(Information provided)
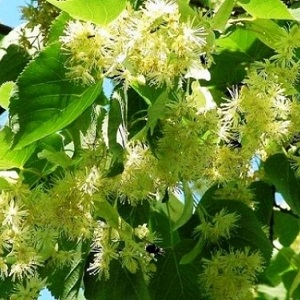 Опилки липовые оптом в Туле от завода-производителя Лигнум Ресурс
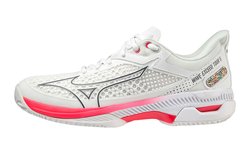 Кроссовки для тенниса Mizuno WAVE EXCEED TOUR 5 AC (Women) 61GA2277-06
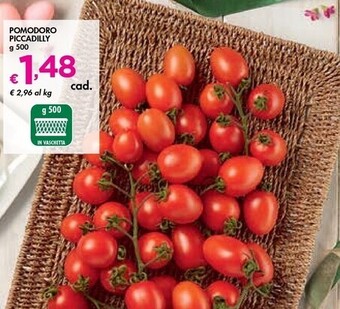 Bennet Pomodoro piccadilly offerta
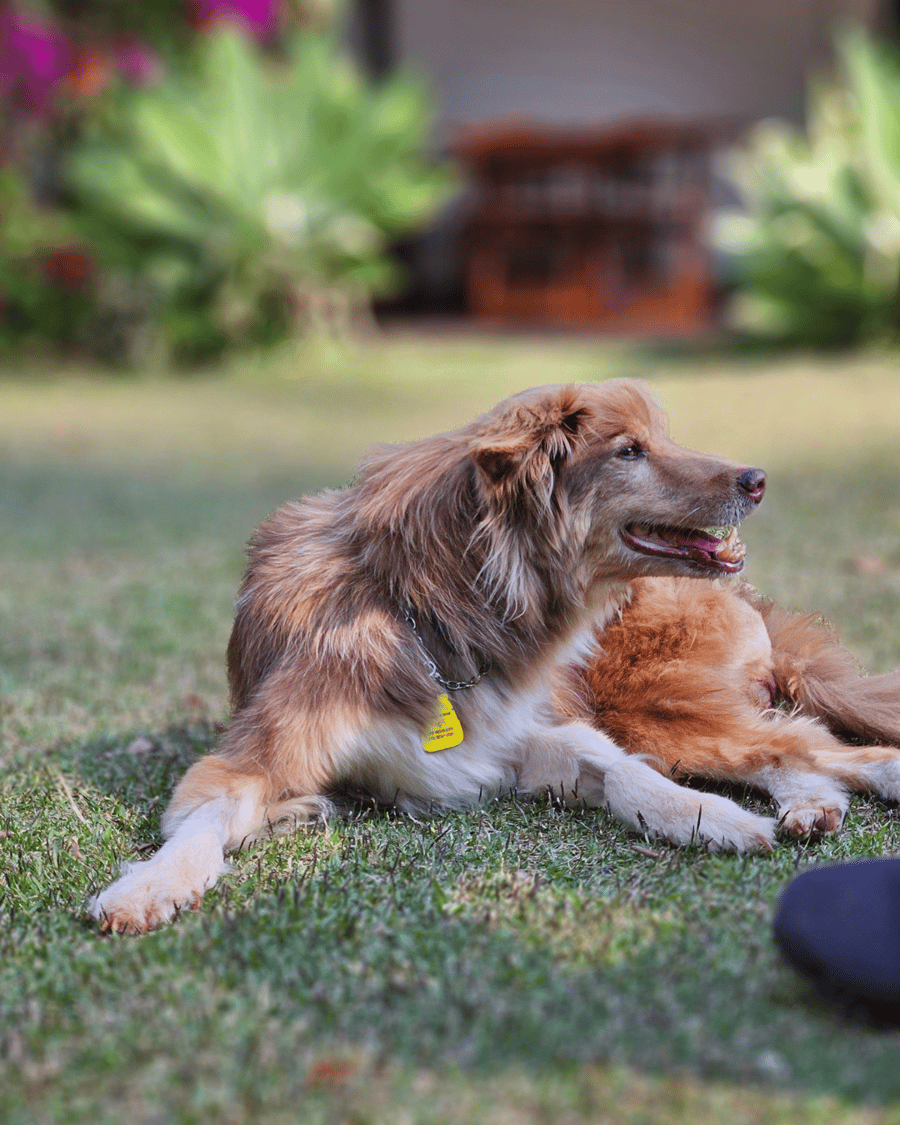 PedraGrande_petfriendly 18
(End Information provided)
What you need to do
All of the material goes into the answer exactly as it stands, except for the pictures.

Answer section
 Опилки липовые оптом в Туле от завода-производителя Лигнум Ресурс
 Кроссовки для тенниса Mizuno WAVE EXCEED TOUR 5 AC (Women) 61GA2277-06
 Bennet Pomodoro piccadilly offerta
 PedraGrande_petfriendly 18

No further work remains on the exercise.